> _Problem_: Your reply should contain nothing except the lines from the one with "Image 4 : 2010" through the end of the listing below, reproduced exactly and stripped of pictures.

> _Supplied material_:
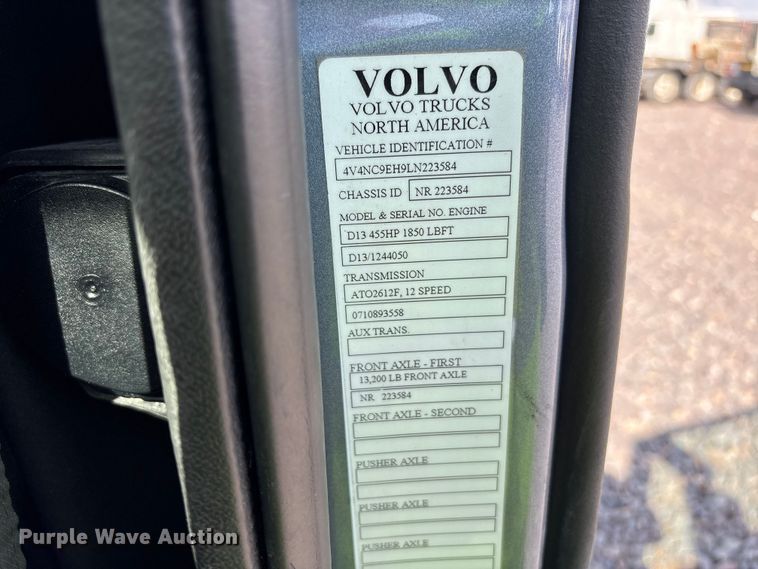 image for item YA1435 2020 Volvo VNL semi truck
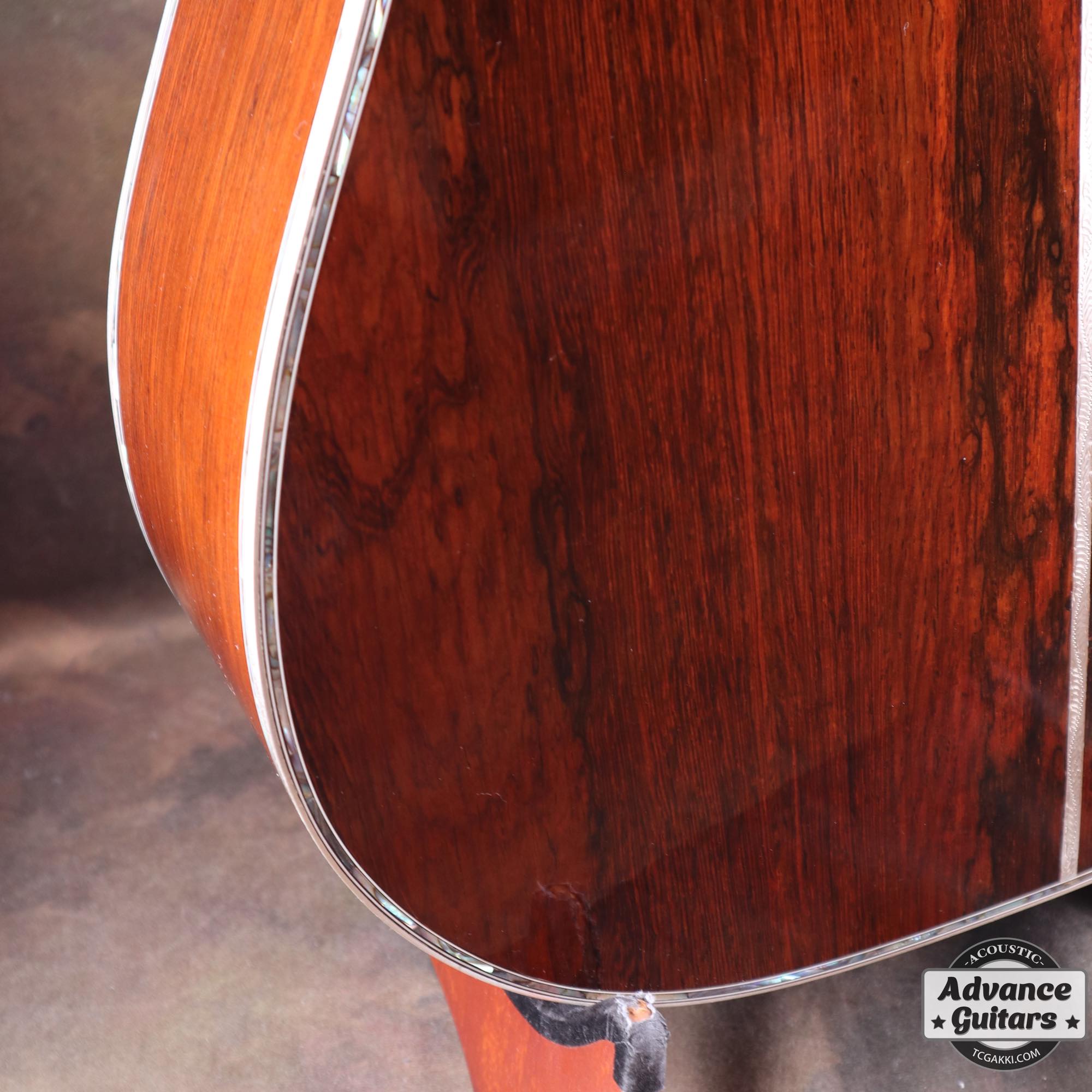 1967年製 D - 28 "TRAIN"(Inlayed by Larry Robinson,Engraved by Greg Rich) - TC楽器 - TCGAKKI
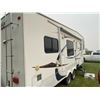 Image 4 : 2010 Forest River, Wildcat 5th Wheel, 30 ft Holiday Trailer, new lino, new slide awnings, new tires,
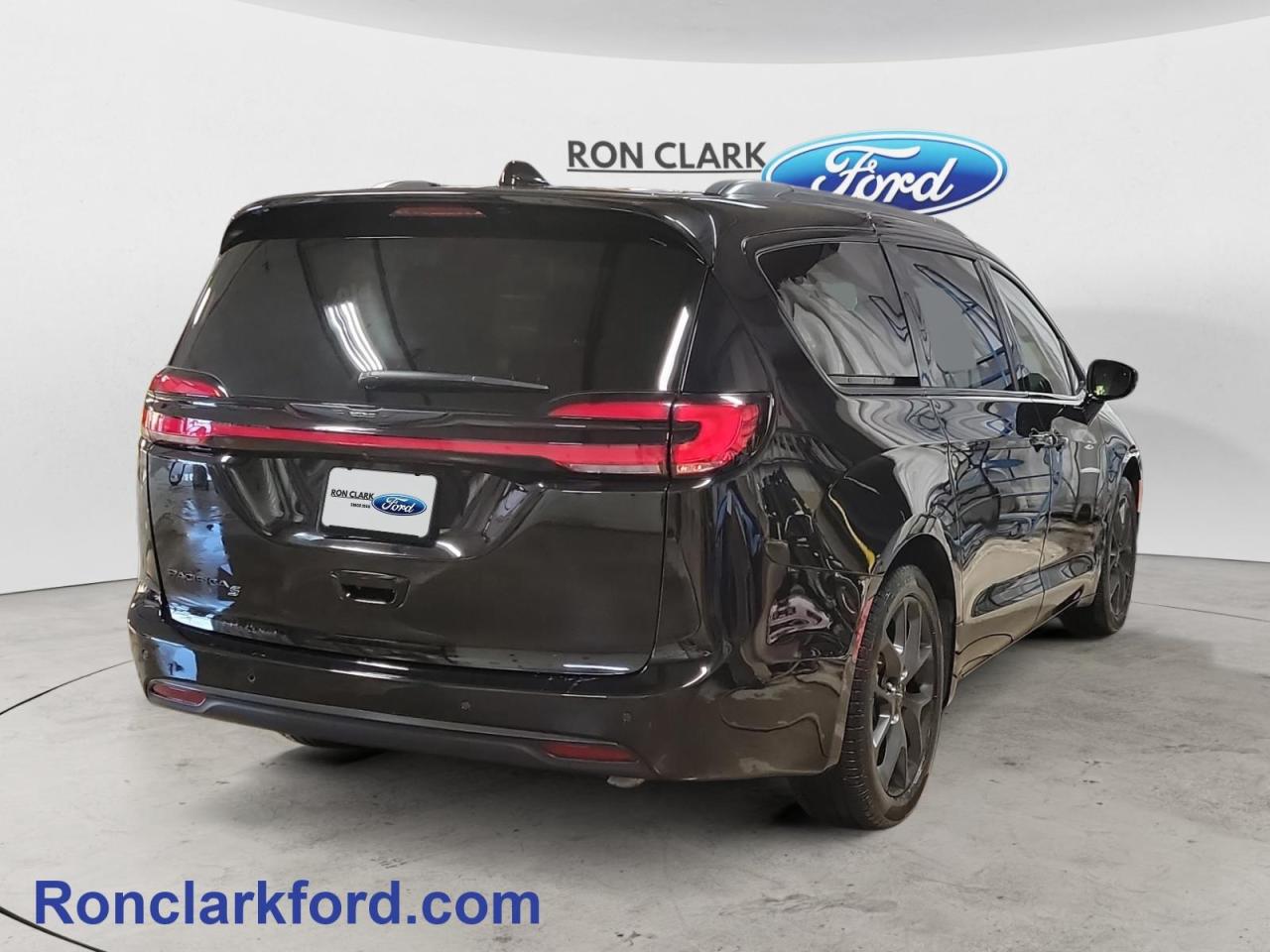 2024 Chrysler Pacifica Touring-L Front-Wheel Drive Passenger Van Photo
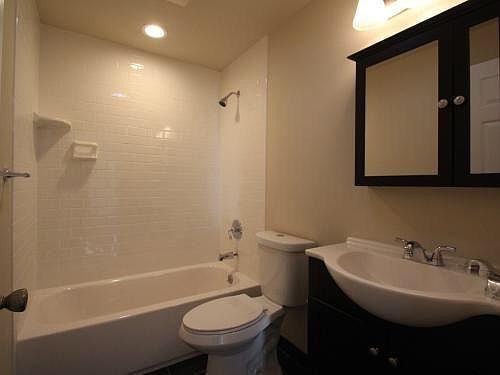 2nd image of 420 SW 154th St APT 201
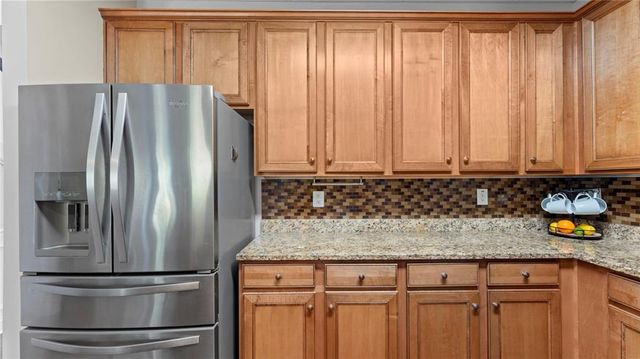 501 Lost Creek Drive, Woodstock, GA 30188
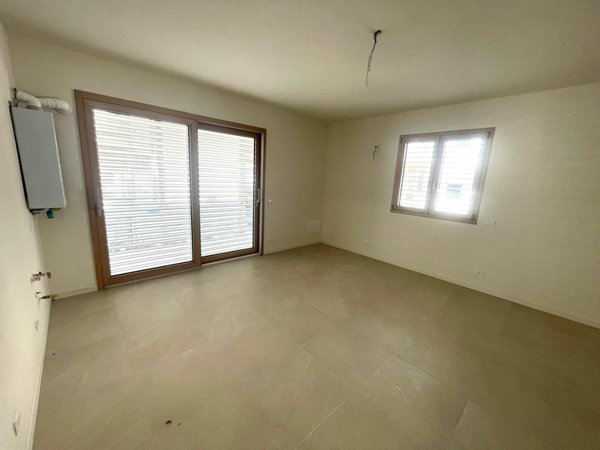 appartamento in vendita a Massa in zona Marina dei Ronchi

> _Solution_:
 Image 4 : 2010 Forest River, Wildcat 5th Wheel, 30 ft Holiday Trailer, new lino, new slide awnings, new tires,
 2024 Chrysler Pacifica Touring-L Front-Wheel Drive Passenger Van Photo
 2nd image of 420 SW 154th St APT 201
 501 Lost Creek Drive, Woodstock, GA 30188
 appartamento in vendita a Massa in zona Marina dei Ronchi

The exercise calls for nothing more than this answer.